When U.S. Sen. Raphael Warnock and Herschel Walker reported their massive fundraising hauls last week, they weren’t just two candidates raising huge sums of money in Georgia.
They were two Black men in the Deep South busting campaign cash records in the race for U.S. Senate. Building on Stacey Abrams’ 2018 fundraising dominance, and taken together with multiple Black candidates in competitive races, 2022 is proving to be a breakthrough fundraising year for Black candidates in Georgia.
Warnock reported last week that he raised $13.6 million in the first three months of the year, more than any Senate candidate in history in the same time frame. He ended the quarter with $25.6 million in the bank.
Walker, for his part, reported raising $5.5 million for the quarter, dwarfing his four GOP rivals and bringing his total to more than $10 million raised for his campaign to challenge Warnock in November.
Along with Warnock and Walker, candidates of color up and down the ticket have posted fundraising results this year outpacing white candidates in the same races.
The leader of the pack, of course, was Stacey Abrams, who blasted out of the gates in her follow-up governor’s race by raising $9.2 million in the first two months of her campaign. That was $2 million more than Gov. Brian Kemp raised in six months for his own reelection race and exponentially more than former Sen. David Perdue’s primary challenge to Kemp. Perdue, a wealthy former CEO, raised just over $1 million in his first reporting period.
It’s not just the statewide races where Black candidates are making their mark. U.S. Rep. Lucy McBath is outraising U.S. Rep. Carolyn Bourdeaux in the 7th District, with $2.9 million in the bank compared to Bourdeaux’s $2.1 million in cash on hand.
Even more notable were Black candidates in two of Georgia’s most conservative congressional districts.
Army veteran Marcus Flowers, a Democrat, outraised U.S. Rep. Marjorie Taylor Green in her solidly conservative northwest Georgia district, with an astonishing $2.4 million raised in the first three months of 2022, compared to her $1.1 million. (Greene still has about $1 million more than Flowers in cash-on-hand and remains the overwhelming favorite in that race.)
Finally, in the 10th Congressional District east of Atlanta, former Democrat and current Trump-favorite Vernon Jones outraised his GOP primary competition in the first three months of the year, fueled by a Mar-a-Lago fundraiser hosted by Trump. Jones still lags behind trucking executive Mike Collins in cash-on-hand, but the money alone could help Jones make it a two-man race.
Fundraising is tough for just about every candidate. But it’s historically been harder for minority candidates, especially in the Deep South. Traditional sources of money like deep-pocketed friends and family were mostly available to traditional candidates — namely white men.
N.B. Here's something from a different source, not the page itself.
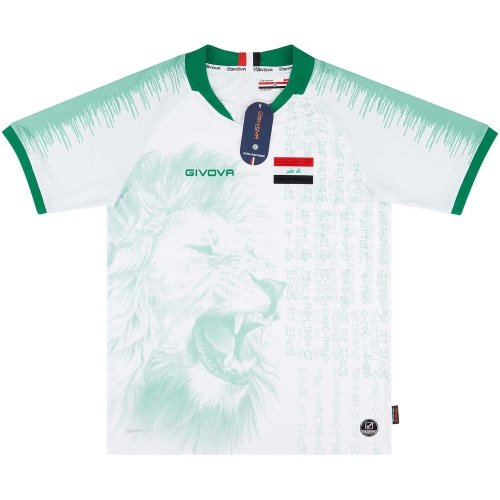 2020-2021 Iraq Home Shirt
But a combination of online fundraising, social media, and Georgia’s new status as a battleground state have combined to change the rules for all candidates. Black candidates, in particular, have been able to harness those changes to fuel their own campaigns.
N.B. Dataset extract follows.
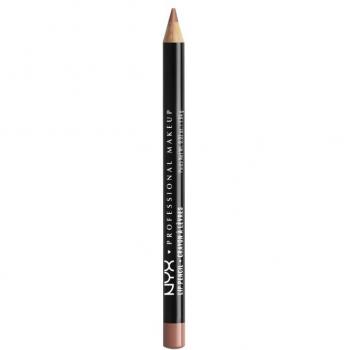 NYX Professional Makeup Slim Lip Pencil - Precise Lip Pencil - Shade Peekaboo Neutral - 1 g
Steve Leeds was on the national finance committee for Barack Obama in 2008. He points to that race, and Obama’s ability to expand the field for voters and donors as a sea change for Black candidates nationally.
“I think you have to look at Obama as being the real first person to have broad political contributions and a whole new wave of engaged people,” Leeds told me, “What we have seen since then is a growth of that by magnitude.”
Kristin Oblander has been a leading Democratic fundraiser in Georgia for the last 30 years, including for the late U.S. Rep. John Lewis.
She said changes in technology, in particular, have democratized candidates’ ability to spread their message and ask for donations, which had been especially helpful to candidates of color.
“Before it had been the more traditional fundraising, tapping into your personal professional networks, and that could be considered rather clubby,” she said. Digital fundraising for small-dollar donors also created a whole new way to make their voices heard.
“That’s almost how people vote, in a way,” she said. “Raphael Warnock had almost 200,000 people give him an average of $40. That’s not a club that’s a movement.”
While being able to raise money is crucial, even a huge pot of cash doesn’t guarantee a win.
In 2020, Jaime Harrison raised an astounding $57 million in his challenge to U.S. Sen. Lindsey Graham in South Carolina. But Harrison, a longtime staffer to U.S. Rep. James Clyburn, still lost to Graham in the end.
But so far in the 2022 cycle, more and more Black candidates in Georgia are setting themselves up for top-tier races in November.
Walker has told the story several times in interviews that one of the first questions he was asked by D.C. insiders in the run-up to his campaign was “Can you raise the money?”
The answer has been yes, he can raise the money. Can he win? That’s a question for another day.